- [ACTIVITY]: From the entries below, write out exactly the lines between the line holding "Cric de service" and the line holding "Mature, well-legged Chinese chick!", inclusive, excluding any pictures.

- [RECORDS FOR THIS TASK]:
Segment Open
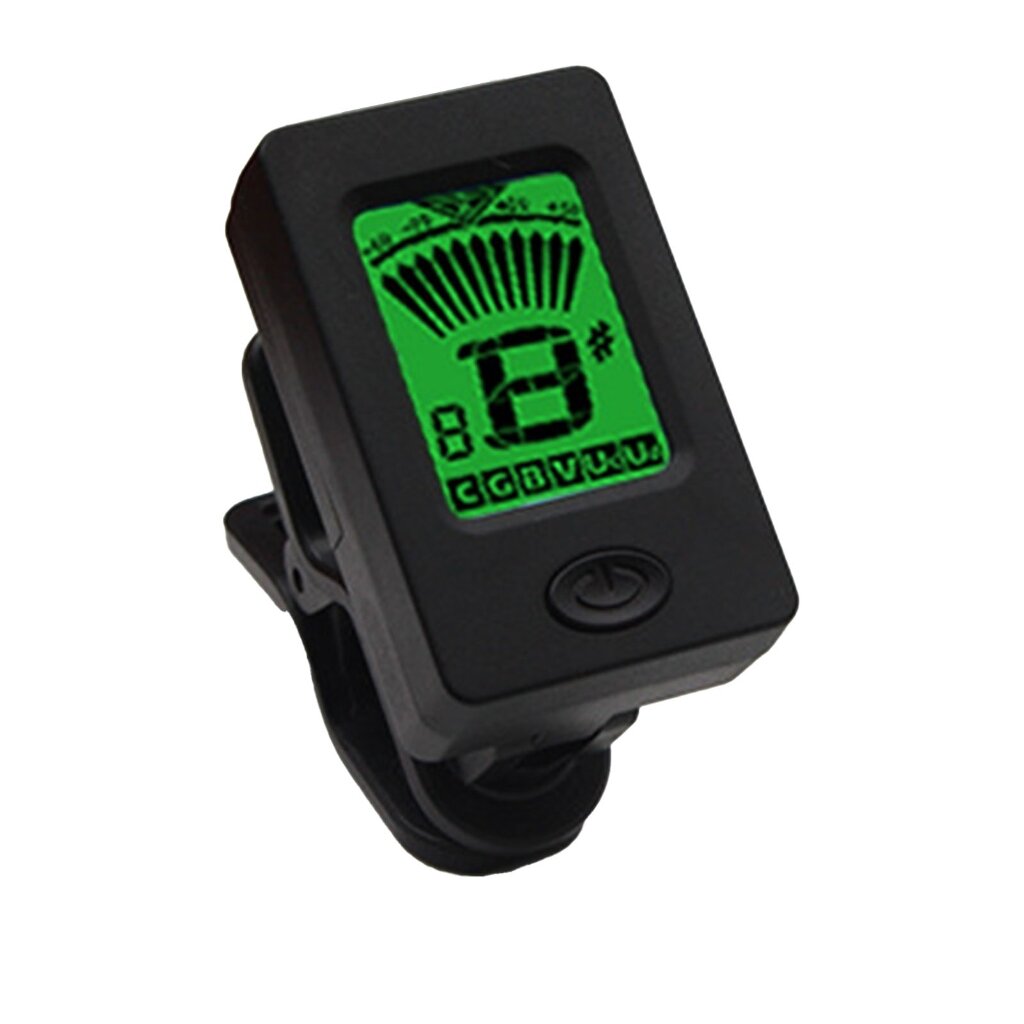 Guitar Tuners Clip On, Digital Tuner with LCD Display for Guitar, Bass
Segment Closed
Segment Open
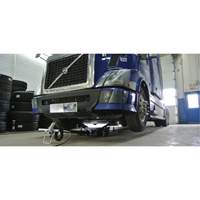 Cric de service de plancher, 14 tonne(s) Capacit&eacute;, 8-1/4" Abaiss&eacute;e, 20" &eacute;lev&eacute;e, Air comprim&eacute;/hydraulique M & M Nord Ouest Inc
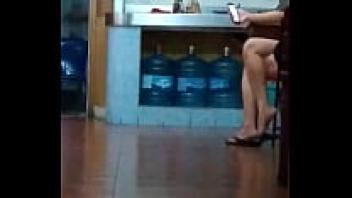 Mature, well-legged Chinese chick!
Segment Closed
Segment Open
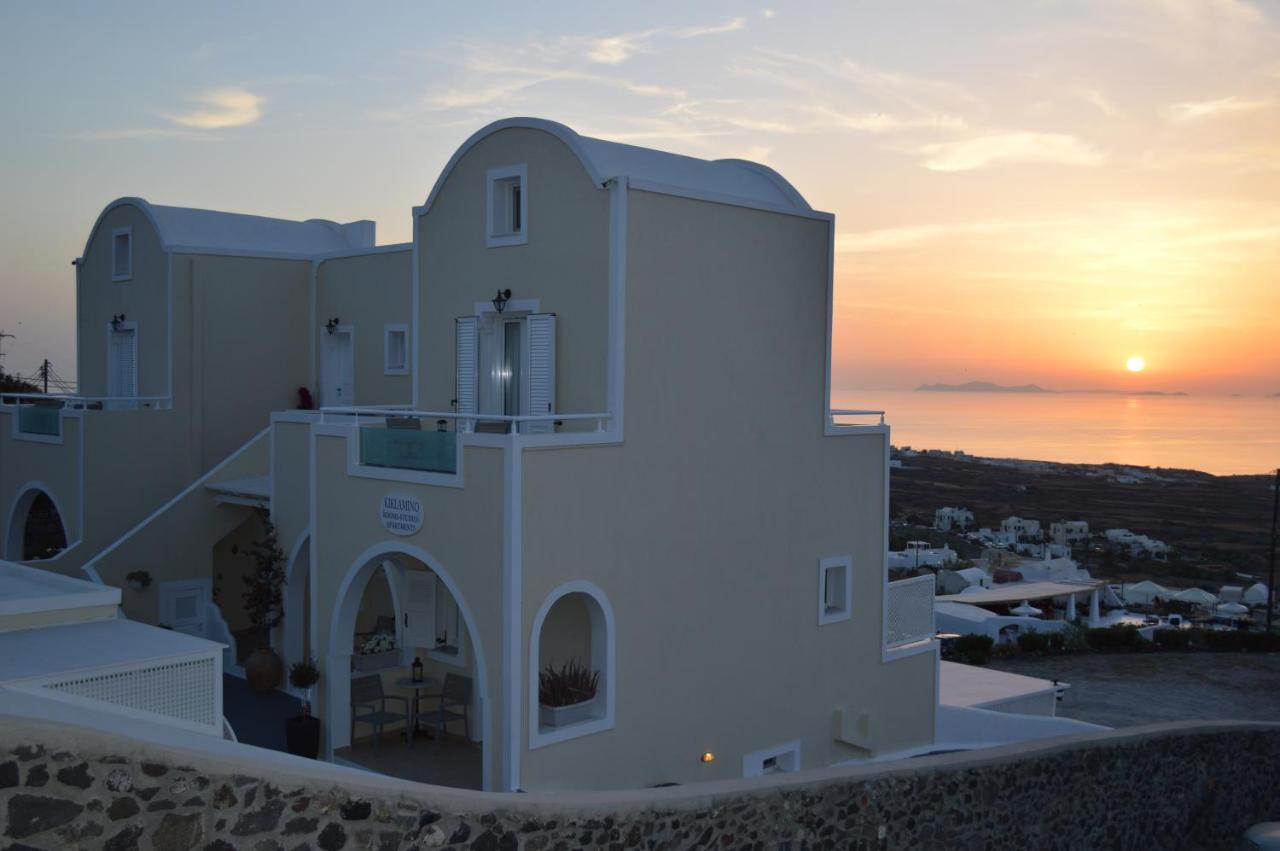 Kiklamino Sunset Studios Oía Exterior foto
Segment Closed
- [EXERCISE SOLUTION]:
 Cric de service de plancher, 14 tonne(s) Capacit&eacute;, 8-1/4" Abaiss&eacute;e, 20" &eacute;lev&eacute;e, Air comprim&eacute;/hydraulique M & M Nord Ouest Inc
 Mature, well-legged Chinese chick!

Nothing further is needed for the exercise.